Principle Explanation / Judicial Support
Jurisdiction under section 263 is limited It can be invoked only when the assessment is erroneous and prejudicial to the interests of the revenue, which implies a defect in the assessment (e.g. lack of enquiry) not merely a different view. (Citing Malabar Industrial Co. Ltd. v. CIT, High Court / Supreme Court principles)
AO’s plausible view after enquiry protects against revision Where the AO, after issuing notices, obtaining replies, examining documents, takes a plausible and reasonable view, PCIT cannot disturb it merely because it disagrees—with no additional incriminating material.
Need for specific adverse material General adverse findings (for instance, search findings against a political party) are not enough unless there is specific material linking the assessee’s donation to the wrongdoing.

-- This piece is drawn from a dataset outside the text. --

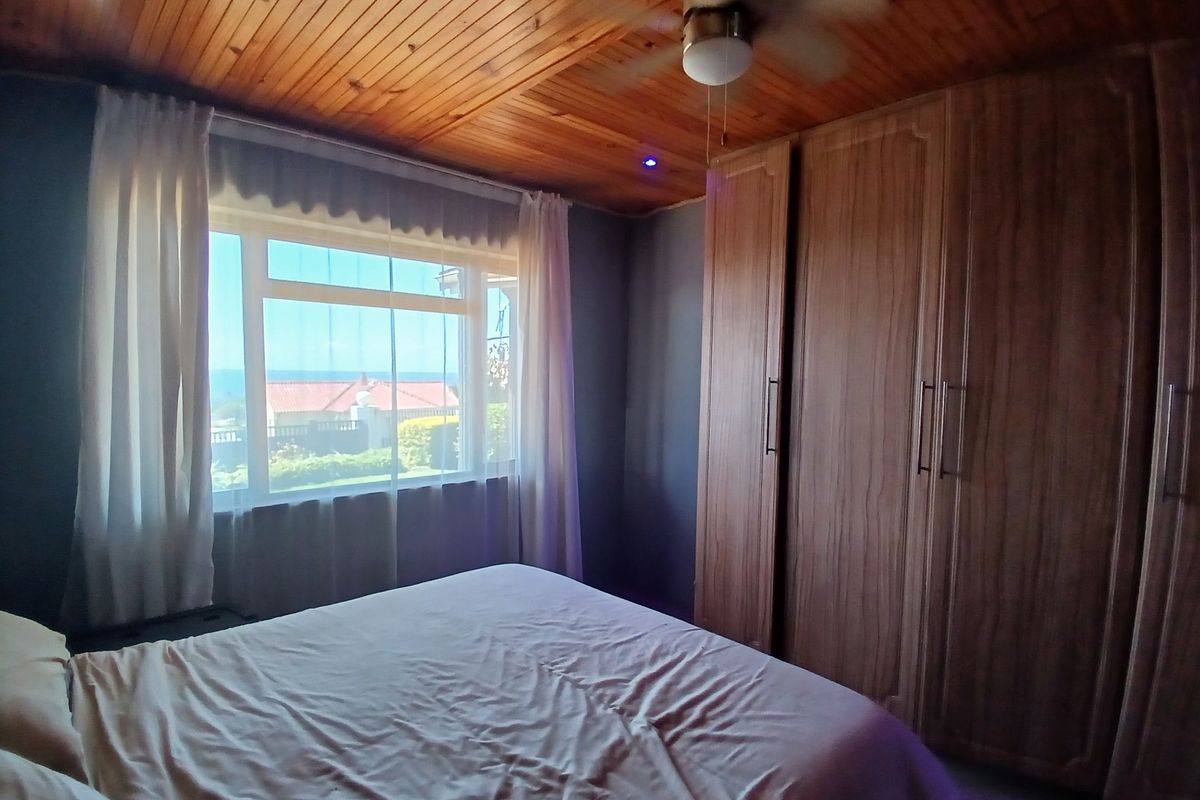 A cozy bedroom featuring a warm timber-clad ceiling, ceiling fan, and extensive built-in wooden cupboards, offering ample storage and a pleasant view.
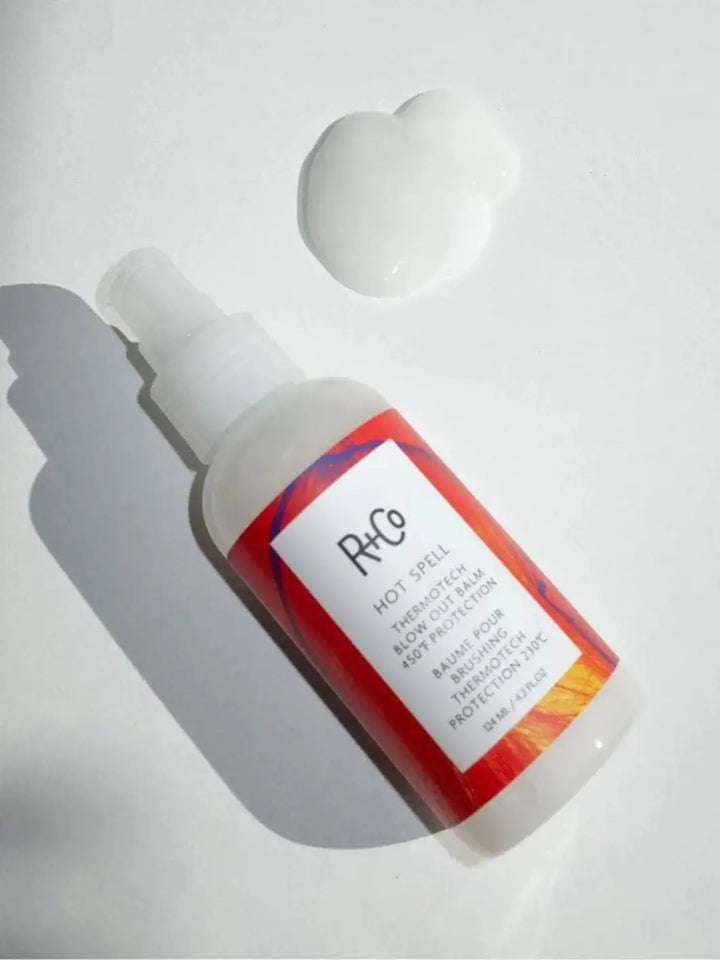A bottle of R+Co HOT SPELL ThermoTech Blow Out Balm 450° F Protection lies diagonally on a white surface next to a dollop of the smooth, white cream | Twentyseven Toronto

Distinction: lack of enquiry vs inadequate enquiry If the AO made no inquiry at all, revision may be justified; but if he made some inquiry (even if PCIT deems it inadequate), that alone is not sufficient to invoke revisional jurisdiction.
Non-speaking order is not fatal when the claim is accepted The AO’s acceptance of a claim, after verification, does not always require elaborate reasons in the assessment order. The requirement for a speaking order is much more critical when making additions or disallowances.

Thus, this case strengthens the protective bulwark for assessees in genuine donation claims under 80GGC, especially when AO has actively and meaningfully engaged with the claim.